SEATTLE—Researchers at the University of Washington have created video of President Obama saying something he did not say. Using the former president as a subject, Supasorn Suwajanakorn, Steven M. Seitz and Ira Kemelmacher-Shlizerman synthesized a “high-quality video of him speaking with accurate lip sync, composited into a target video clip.”
They described the process as follows in their article, “Synthesizing Obama: Learning Lip Sync from Audio,” published in this month in ACM Transactions on Graphics:
“Trained on many hours of his weekly address footage, a recurrent neural network learns the mapping from raw audio features to mouth shapes. Given the mouth shape at each time instant, we synthesize high-quality mouth texture, and composite it with proper 3D pose matching to change what he appears to be saying in a target video to match the input audio track. Our approach produces photorealistic results.”
The team said they selected Obama for several reasons, including an “abundance” of publicly available high-definition video footage from his weekly addresses comprising 17 hours and 2 million frames over eight years, plus the consistency of lighting and other production variables as well as the former president’ typically “serious and direct tone.”
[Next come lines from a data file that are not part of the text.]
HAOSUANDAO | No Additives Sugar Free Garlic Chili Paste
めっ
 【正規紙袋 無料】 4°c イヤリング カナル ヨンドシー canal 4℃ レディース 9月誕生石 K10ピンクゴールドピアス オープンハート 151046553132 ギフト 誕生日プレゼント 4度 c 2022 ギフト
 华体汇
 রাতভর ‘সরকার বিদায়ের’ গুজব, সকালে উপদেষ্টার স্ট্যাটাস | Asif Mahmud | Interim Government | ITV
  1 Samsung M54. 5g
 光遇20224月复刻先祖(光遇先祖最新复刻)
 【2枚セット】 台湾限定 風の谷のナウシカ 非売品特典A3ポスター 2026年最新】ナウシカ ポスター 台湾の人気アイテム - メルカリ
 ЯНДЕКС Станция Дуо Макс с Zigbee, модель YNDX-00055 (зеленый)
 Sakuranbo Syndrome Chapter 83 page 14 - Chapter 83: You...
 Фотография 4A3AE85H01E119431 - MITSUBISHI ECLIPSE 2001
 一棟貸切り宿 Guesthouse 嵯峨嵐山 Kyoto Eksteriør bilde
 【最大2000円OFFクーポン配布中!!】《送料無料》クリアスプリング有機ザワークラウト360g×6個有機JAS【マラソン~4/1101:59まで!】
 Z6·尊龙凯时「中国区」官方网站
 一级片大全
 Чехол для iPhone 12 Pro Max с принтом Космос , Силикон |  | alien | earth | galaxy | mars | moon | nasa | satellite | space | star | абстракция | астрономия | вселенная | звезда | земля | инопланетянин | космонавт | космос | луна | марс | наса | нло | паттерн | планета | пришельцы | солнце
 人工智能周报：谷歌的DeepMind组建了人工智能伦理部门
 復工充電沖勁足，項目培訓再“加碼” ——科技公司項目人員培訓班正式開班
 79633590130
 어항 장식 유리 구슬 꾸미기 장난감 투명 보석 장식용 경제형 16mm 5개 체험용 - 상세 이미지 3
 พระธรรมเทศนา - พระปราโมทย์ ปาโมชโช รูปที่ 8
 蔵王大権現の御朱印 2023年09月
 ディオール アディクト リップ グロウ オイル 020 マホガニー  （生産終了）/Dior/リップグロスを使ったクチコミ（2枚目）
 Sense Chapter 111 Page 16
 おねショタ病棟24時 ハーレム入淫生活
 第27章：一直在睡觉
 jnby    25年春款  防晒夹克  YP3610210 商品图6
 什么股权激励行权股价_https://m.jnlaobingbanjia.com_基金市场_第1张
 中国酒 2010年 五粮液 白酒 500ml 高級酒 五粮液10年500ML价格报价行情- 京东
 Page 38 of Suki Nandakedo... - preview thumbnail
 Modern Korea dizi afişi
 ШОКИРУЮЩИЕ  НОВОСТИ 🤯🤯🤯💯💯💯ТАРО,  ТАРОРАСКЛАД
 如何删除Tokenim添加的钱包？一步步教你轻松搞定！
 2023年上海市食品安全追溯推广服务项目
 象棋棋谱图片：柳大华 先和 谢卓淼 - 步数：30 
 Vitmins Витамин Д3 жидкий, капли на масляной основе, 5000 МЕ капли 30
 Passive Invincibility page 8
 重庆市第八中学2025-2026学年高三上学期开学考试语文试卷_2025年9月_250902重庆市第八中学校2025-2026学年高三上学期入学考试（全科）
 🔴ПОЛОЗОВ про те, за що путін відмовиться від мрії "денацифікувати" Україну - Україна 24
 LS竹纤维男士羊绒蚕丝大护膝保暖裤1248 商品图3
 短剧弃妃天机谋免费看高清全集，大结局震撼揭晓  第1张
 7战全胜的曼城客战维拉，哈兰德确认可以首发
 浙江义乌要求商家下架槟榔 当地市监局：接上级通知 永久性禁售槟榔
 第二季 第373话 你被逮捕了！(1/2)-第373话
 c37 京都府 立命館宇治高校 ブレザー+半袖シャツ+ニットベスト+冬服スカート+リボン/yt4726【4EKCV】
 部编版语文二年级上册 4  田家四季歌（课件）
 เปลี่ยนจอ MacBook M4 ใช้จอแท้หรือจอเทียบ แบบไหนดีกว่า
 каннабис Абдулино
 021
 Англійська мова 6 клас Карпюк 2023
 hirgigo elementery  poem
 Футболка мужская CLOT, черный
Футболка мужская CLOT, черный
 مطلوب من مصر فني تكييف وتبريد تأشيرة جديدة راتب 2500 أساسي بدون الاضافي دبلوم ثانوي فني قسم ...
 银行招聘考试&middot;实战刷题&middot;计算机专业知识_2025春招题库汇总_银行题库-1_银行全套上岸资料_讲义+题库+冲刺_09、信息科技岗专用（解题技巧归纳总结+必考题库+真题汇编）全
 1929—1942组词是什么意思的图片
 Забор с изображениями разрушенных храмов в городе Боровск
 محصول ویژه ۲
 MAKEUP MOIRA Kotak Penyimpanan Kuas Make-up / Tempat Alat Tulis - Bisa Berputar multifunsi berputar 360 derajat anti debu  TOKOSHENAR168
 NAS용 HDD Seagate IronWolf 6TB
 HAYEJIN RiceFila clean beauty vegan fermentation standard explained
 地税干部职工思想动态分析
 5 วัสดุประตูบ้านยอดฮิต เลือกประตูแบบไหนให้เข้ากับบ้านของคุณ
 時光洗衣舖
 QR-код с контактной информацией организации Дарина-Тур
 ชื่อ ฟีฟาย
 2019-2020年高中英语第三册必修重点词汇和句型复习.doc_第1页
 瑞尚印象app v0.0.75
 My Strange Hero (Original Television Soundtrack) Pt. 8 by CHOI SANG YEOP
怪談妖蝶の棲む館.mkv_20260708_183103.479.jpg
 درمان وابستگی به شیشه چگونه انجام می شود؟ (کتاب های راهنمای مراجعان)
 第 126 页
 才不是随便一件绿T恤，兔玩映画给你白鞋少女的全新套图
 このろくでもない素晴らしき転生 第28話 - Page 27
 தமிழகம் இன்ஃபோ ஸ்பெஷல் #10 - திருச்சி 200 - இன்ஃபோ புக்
Creating an otherwise realistic lip-sync “due in part to the technical challenge of mapping from a one-dimensional signal to a 3D time-varying image, but also due to the fact that humans are extremely attuned to subtle details in the mouth region; many previous attempts at simulating talking heads have produced results that look uncanny.”
Implications for actual fake news notwithstanding, the researchers said the technology could have beneficial applications in the way of reducing transmission bandwidth, creating video synthesis that enables lip-reading from audio, and affecting avatars in special effects and games.
The researchers also prepared a presentation for SIGGRAPH 2017.